* [Task objective]
Somewhere below, one line contains "Turner Long Sleeve" and a later line contains "Door Topper Border". Output those two lines and everything between them exactly, and nothing else.

*** Entries shown ***

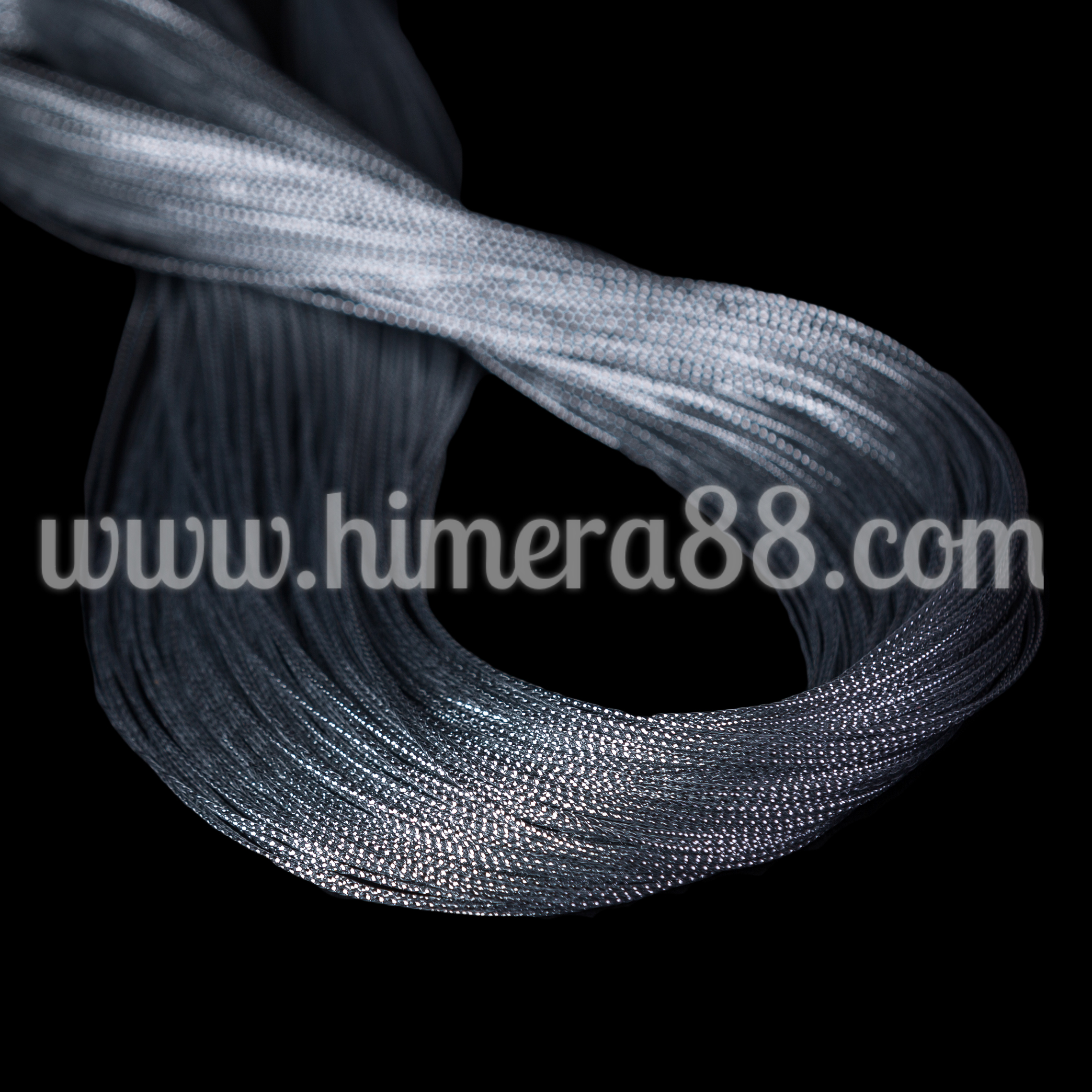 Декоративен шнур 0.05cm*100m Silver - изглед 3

*** End of Entries shown ***
*** Entries shown ***

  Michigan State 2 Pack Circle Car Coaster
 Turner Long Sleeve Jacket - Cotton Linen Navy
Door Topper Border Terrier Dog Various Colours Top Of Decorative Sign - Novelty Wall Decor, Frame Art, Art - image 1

*** End of Entries shown ***
*** Entries shown ***

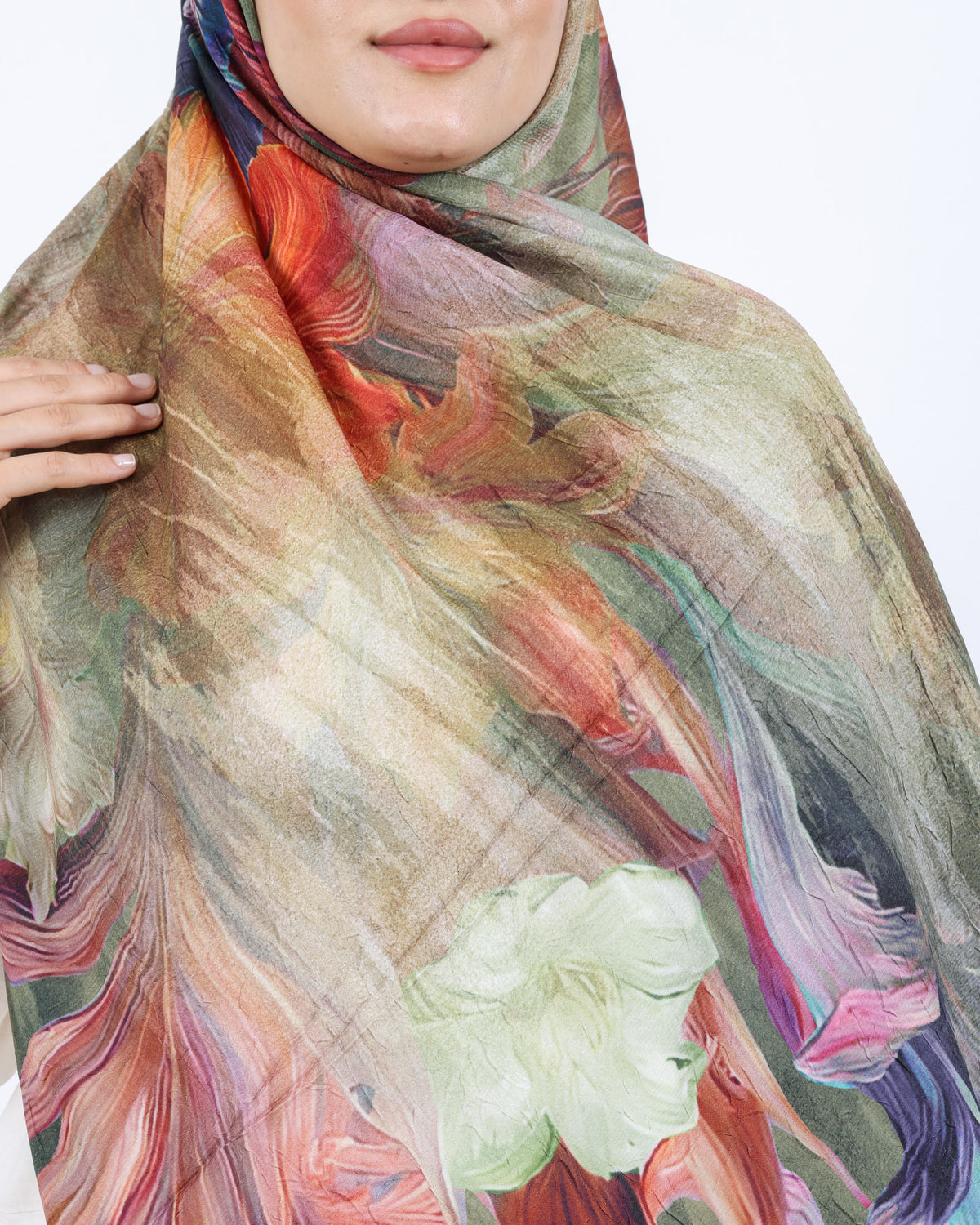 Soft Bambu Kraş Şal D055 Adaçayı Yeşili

*** End of Entries shown ***

* [Final answer]
 Turner Long Sleeve Jacket - Cotton Linen Navy
Door Topper Border Terrier Dog Various Colours Top Of Decorative Sign - Novelty Wall Decor, Frame Art, Art - image 1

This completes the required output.